Exercise instructions. Your task is to write out exactly the lines of the listing below, from the first down to the line that holds "Windmill in Tulip Field by Anonymous".
BEGIN
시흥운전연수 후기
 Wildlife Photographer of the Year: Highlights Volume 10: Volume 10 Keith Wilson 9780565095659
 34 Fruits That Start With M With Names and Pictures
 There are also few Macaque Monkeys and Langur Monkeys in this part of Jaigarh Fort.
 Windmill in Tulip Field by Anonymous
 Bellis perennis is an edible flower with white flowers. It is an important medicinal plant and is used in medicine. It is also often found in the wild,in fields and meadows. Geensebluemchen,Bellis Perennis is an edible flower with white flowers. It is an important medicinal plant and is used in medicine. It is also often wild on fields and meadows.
END
Written response.
시흥운전연수 후기
 Wildlife Photographer of the Year: Highlights Volume 10: Volume 10 Keith Wilson 9780565095659
 34 Fruits That Start With M With Names and Pictures
 There are also few Macaque Monkeys and Langur Monkeys in this part of Jaigarh Fort.
 Windmill in Tulip Field by Anonymous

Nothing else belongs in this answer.